Updated: November 26, 2014

A stored access policy provides an additional level of control over shared access signatures on the server side. Establishing a stored access policy serves to group shared access signatures and to provide additional restrictions for signatures that are bound by the policy. You can use a stored access policy to change the start time, expiry time, or permissions for a signature, or to revoke it after it has been issued.

A stored access policy gives you greater control over shared access signatures you have released. Instead of specifying the signature's lifetime and permissions on the URL, you can specify these parameters within the stored access policy stored on the blob, container, queue, or table that is being shared. To change these parameters for one or more signatures, you can modify the stored access policy, rather than reissuing the signatures. You can also quickly revoke the signature by modifying the stored access policy.

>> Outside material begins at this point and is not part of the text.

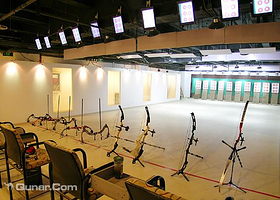 飞速射箭俱乐部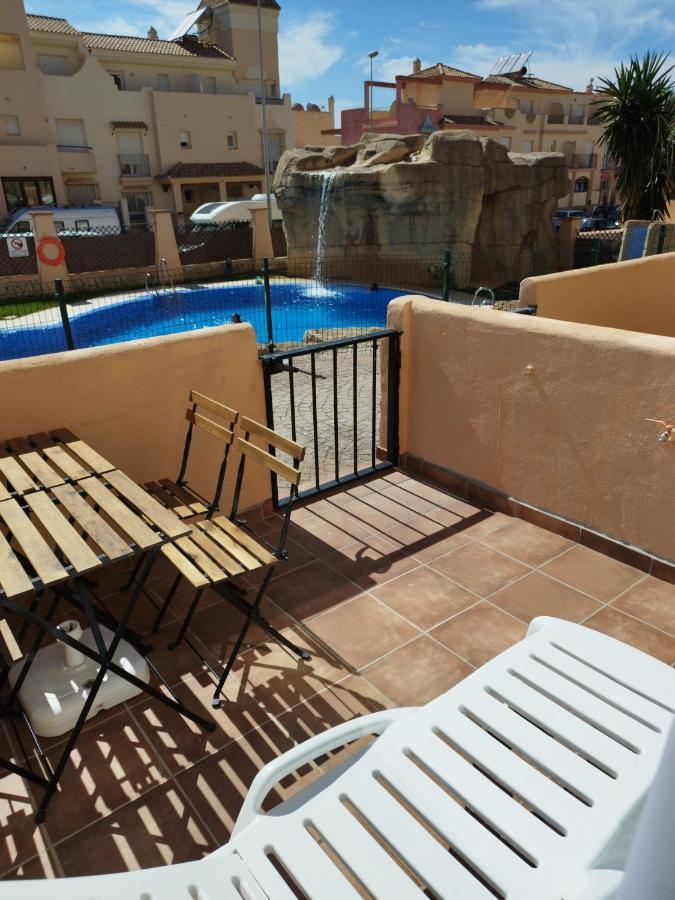 Loft Tarifa Cadiz Lejlighed Eksteriør billede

For example, suppose you have issued a shared access signature that's associated with a stored access policy. If you've specified the expiry time within the stored access policy, you can modify the access policy to extend the life of the signature, without having to reissue a new signature.

Best practices recommend specifying a stored access policy for any signed resource for which you are issuing a shared access signature, as the stored policy can be used to modify or revoke the signature after it has been issued. If you don't specify a stored policy, it's recommended that you limit the lifetime of your signature in order to minimize any risk to your storage account resources. For more information, see Create and Use a Shared Access Signature.

A stored access policy includes a name up to 64 characters long that is unique within the container, queue, or table. To associate a shared access signature with a stored access policy, you specify this identifier when creating the shared access signature. On the shared access signature URI, the signedidentifier field specifies the identifier for the stored access policy.

A container, queue, or table can include up to 5 stored access policies. Each policy can be used by any number of shared access signatures.

When you establish a stored access policy on a container, queue, or table, it may take up to 30 seconds to take effect. During this interval, a shared access signature that is associated with the stored access policy will fail with status code 403 (Forbidden), until the access policy becomes active.

The stored access policy can specify the following access policy parameters for the signatures with which it's associated:

  • Start time

  • Expiry time

  • Permissions

Depending on how you want to control access to your storage resource, you can specify all of these parameters within the stored access policy, and omit them from the URL for the shared access signature. Doing so permits you to modify the associated signature's behavior at any time, as well as to revoke it. Or you can specify one or more of the access policy parameters within the stored access policy, and the others on the URL. Finally, you can specify all of the parameters on the URL. In this case, you can use the stored access policy to revoke the signature, but not to modify its behavior.

Together the shared access signature and the stored access policy must include all fields required to authenticate the signature. If any required fields are missing, the request will fail with status code 403 (Forbidden). Likewise, if a field is specified both in the shared access signature URL and in the stored access policy, the request will fail with status code 403 (Bad Request). See Create and Use a Shared Access Signature for more information about the fields that comprise the signature.

To revoke access to shared access signatures that use the same stored access policy, remove the stored policy from the storage resource by overwriting the stored policy list with a new list that does not contain the policy name. To change access settings of a stored access policy, overwrite the stored policy list with a new list that contains a policy of the same name that has new access control details.